Upsert [sic] with SAP Data Services? Don’t cry though….

upsert2So, recently I find myself heavily involved with SAP Data Services and data migrations, I know what you’re thinking… thats not real code! And you’re damn straight …. it isn’t, but I have always leaned heavily towards the data end of the spectrum rather than the UX end which is filled with sorcery, witch craft and more importantly users who are like little pixies with no respect for the sanctity of code; data is data though and it doesn’t press buttons marked ‘Nuclear Button, Do Not Press’ just for kicks. I thus don’t complain too  much (ahem) when ETL jobs come my way.
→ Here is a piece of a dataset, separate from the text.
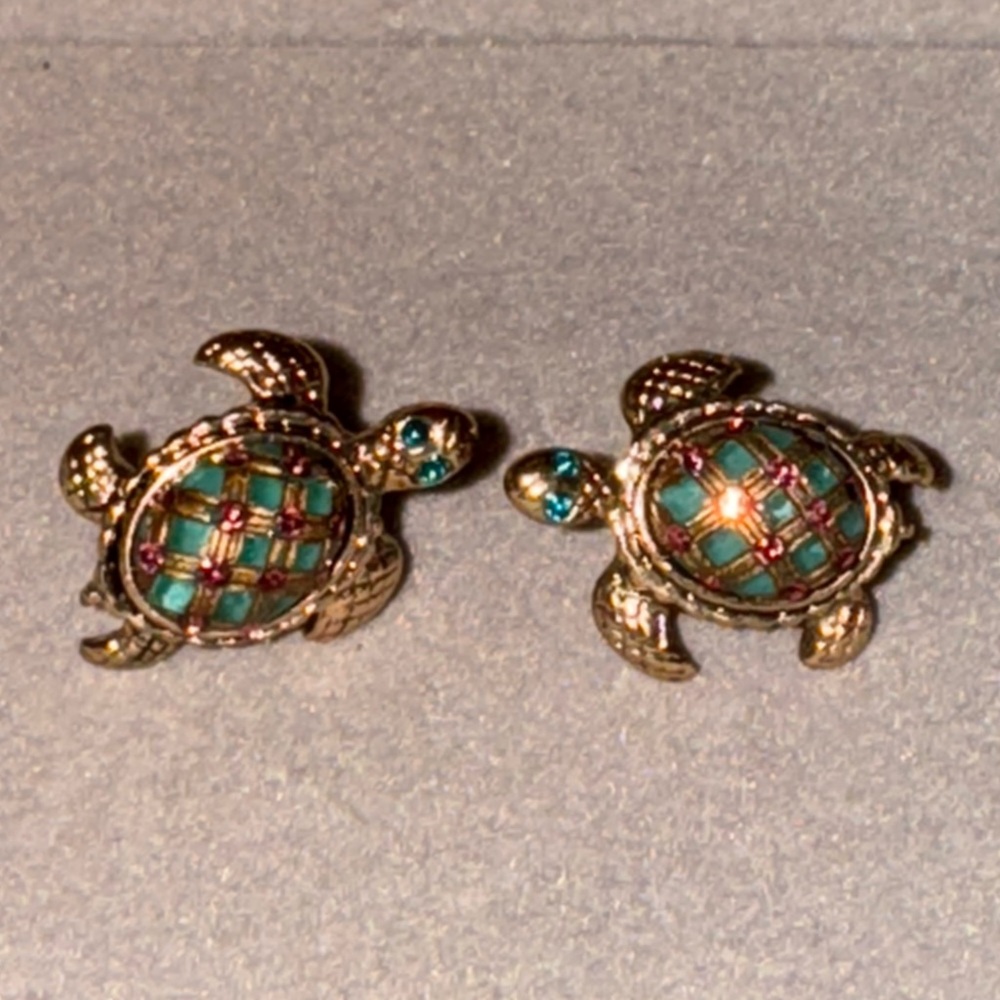 Betsey Johnson Turtle Earrings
One of the biggest challenges with ETL in the SAP world is to keep everything down at the database level, it’s very easy to slip up and watch your execution times rattle up to unusable very quickly all because you used a feature for which there is no direct database  equivalent and at times it is frustrating at how the simplest functions are not covered; bygones.
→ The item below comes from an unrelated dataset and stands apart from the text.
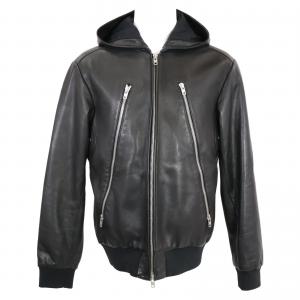 メゾンマルジェラ 八の字ジップアップフード付き レザージャケット 最新の買取相場ご紹介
The idea for this blog came about when I was trying to establish how to delete (archive) a load of data which is of course easy if you use the Map Operation transform, the issue with that of course is that none of this gets pushed down to the database server. To my knowledge there is currently no way of achieving this (without recourse to the SQL transforms which are of course frowned upon). I needed to think outside the box a little, luckily as  I always use intermediary tables to compile my data  prior to completion that answer was fairly simple:-

  1. Compile data as normal in intermediary table
  2. Mark any candidate records in intermediary table as ‘Archived’ using a database field
  3. Omit ‘Archived’ records when inserting records from intermediary table into main target table

And that led me into using a feature that (until you know the toolset a little better) appears to be missing, namely how to execute an Update statement (using FULL pushdown) against existing data. Oh sure, again it’s very easy to just add a Map Operation and convert a flow of data into an ‘Update’ but this of course results in a RBAR operation as the BODS engine will iterate over each row of data and then change its op code so that it is an ‘update’ not a ‘insert’ . The end result is that the BODS engine then creates individual update statements and we quickly have a non -performant data transformation; furthermore each row of data will compound the problem and before very long we will have a drawing board to which we will have returned.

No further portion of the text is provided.